Per il 2017 ai cittadini di Catania auguro il piacere di stare insieme, di essere civili e attenti culturalmente. Laddove l’impressione è che il pensiero politico manchi. Mi domando: cosa vuole offrire alla città il sindaco Enzo Bianco? Qual è la costruzione di futuro per cui sta lavorando? Qual è l’immagine di domani che vuole creare? Così faccio i miei migliori auguri al Teatro Stabile di Catania, a cui ho deciso di regalare una rappresentazione teatrale al costo simbolico di un euro. Faccio i miei auguri a tutte le realtà che si occupano di spettacolo. E che sono costrette a immaginarsi manager.
Lo stesso discorso vale per le scuole e le università, continuamente schiaffeggiate dai governi che spingono il livello sempre più giù. Ce l’ho con certe politiche esasperanti: chi ci rappresenta deve uscire dagli uffici e stare a contatto con i cittadini. La situazione è pesante, si respira un’aria piena di interrogativi. Ed è come se ci fosse uno scollamento dalla realtà. Anche a Catania è uguale. Io mica sono di Bolzano, mica certe cose non le conosco. Che cosa si vuole offrire ai catanesi?
La città di Catania è stata storicamente brillante, gioiosa, pronta al sorriso. Ora si è trasformata, forse perché i catanesi hanno la sensazione di parlare al vento. Di chiedere senza avere risposte. Spero che con l’anno nuovo si perda l’abitudine a cercare le raccomandazioni, a rivolgersi agli amici degli amici, a salire sul carro dei vincitori e a non studiare. Spero che i cittadini smettano di sentirsi vittime di un caporalato, che siano più curiosi e che s’informino di più.

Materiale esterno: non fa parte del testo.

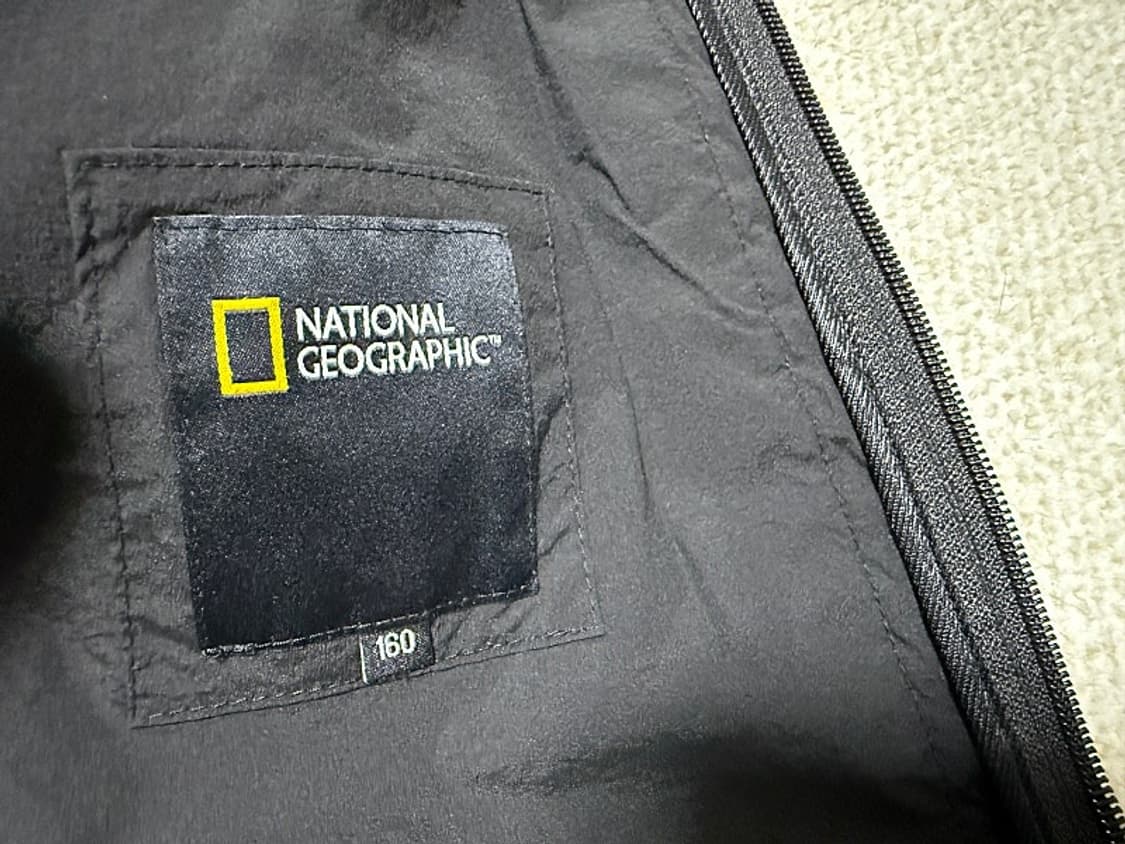 내셔널지오그래픽 경량 자켓 남자 학생용 160호 상품이미지5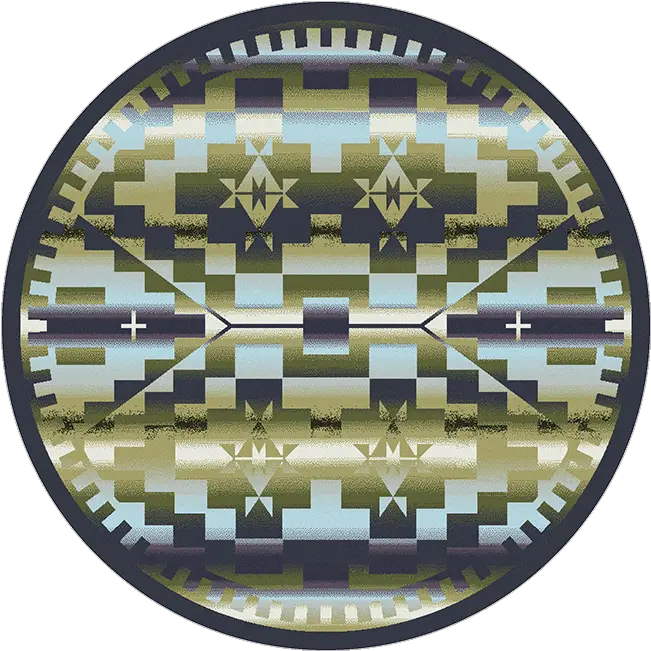  Rainbow Blanket Blue Shades Circle Png Rust Texture Png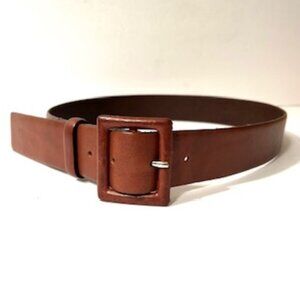 Theory Women’s Brown Leather Belt , Made in Italy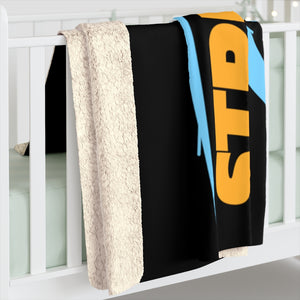 Strikers Bolt Sherpa Fleece Blanket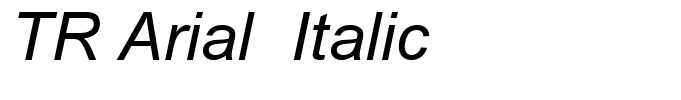 TR Arial  Italic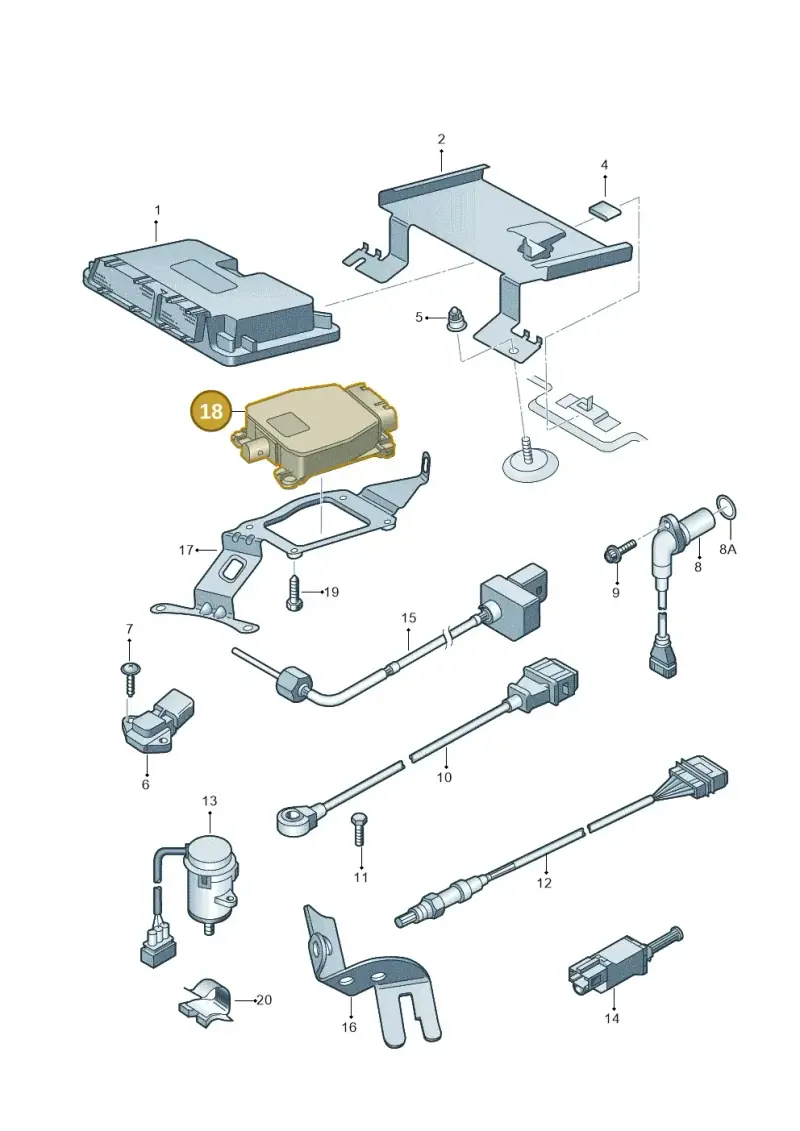 6Q0906625G — Skoda FABIA/COMBI            05> (2004-) diagram 225906000, position 18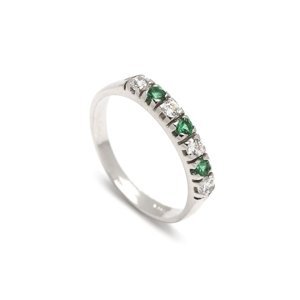 Zlatý dámský prsten GIOVANNA green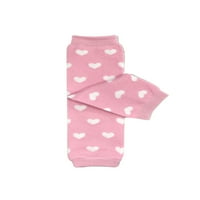 WRABLEW® Distribuirani dizajni za bebe noga za noge O ružičasto-bijela srca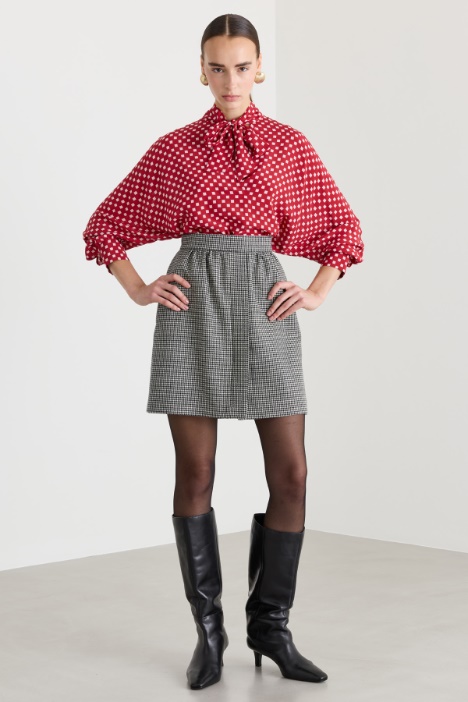 Blusa in seta con fiocco - Fashion Market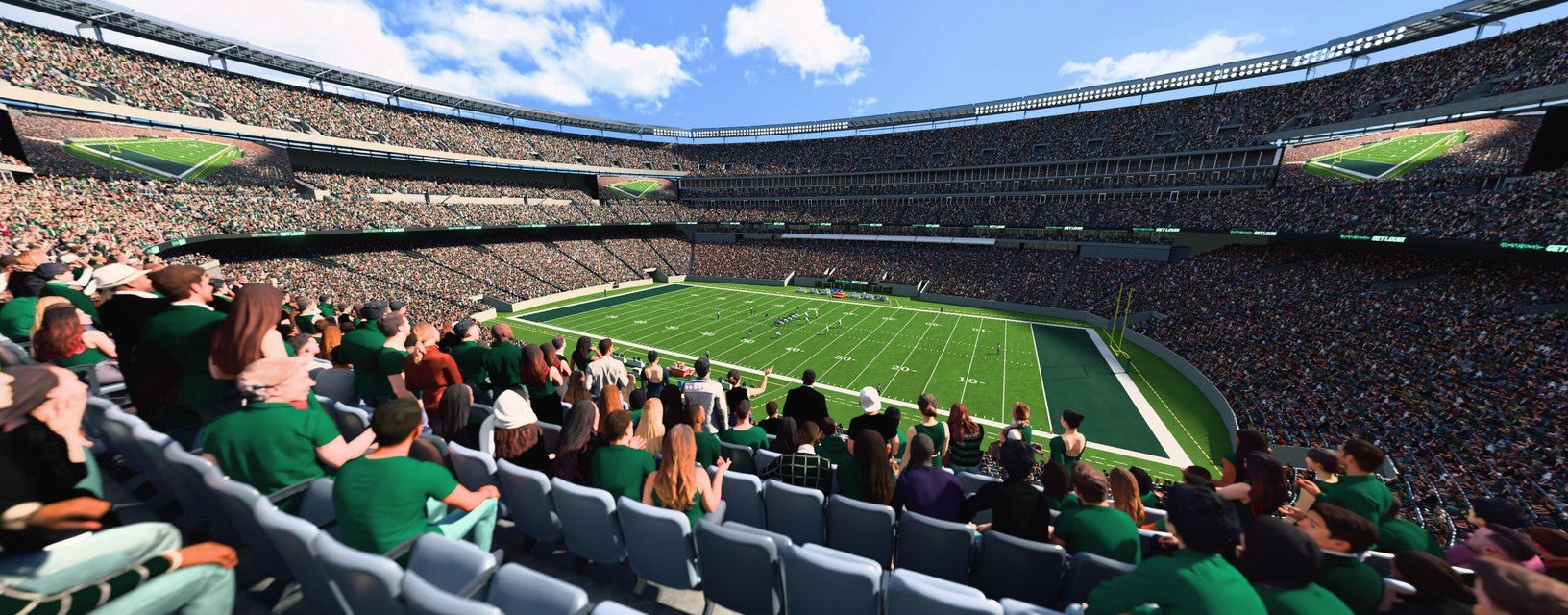 Seat view from Mezzanine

Anche se il cambiamento dovesse riguardare lo 0,00001 per cento dei catanesi allora si potrebbe comunque tentare di stare insieme, di fare insieme.
Invece è sempre un «Andate avanti voi che io vi raggiungo dopo». Può andare bene questo per loro stessi e per la loro dignità? Alla città auguro una gerla di tutto questo, una gerla di coraggio. Se dite sempre sì a tutto, se vi accontentate di quello che c’è sempre stato, come potete aspettarvi di essere felici, soddisfatti? Non è che perché sto lontano ho smesso di essere catanese. Lavoro, collaboro, resto. Conosco i problemi di Librino, nato come un affare e trasformato nell’emblema di Catania. Conosco quello che si dice per strada: «Sono tutti uguali, sono tutti ladri». No, non è vero. E questa coscienza deve essere curata e deve partire, insieme, dall’alto e dal basso.
Eccoli, sono questi i miei auguri per Catania.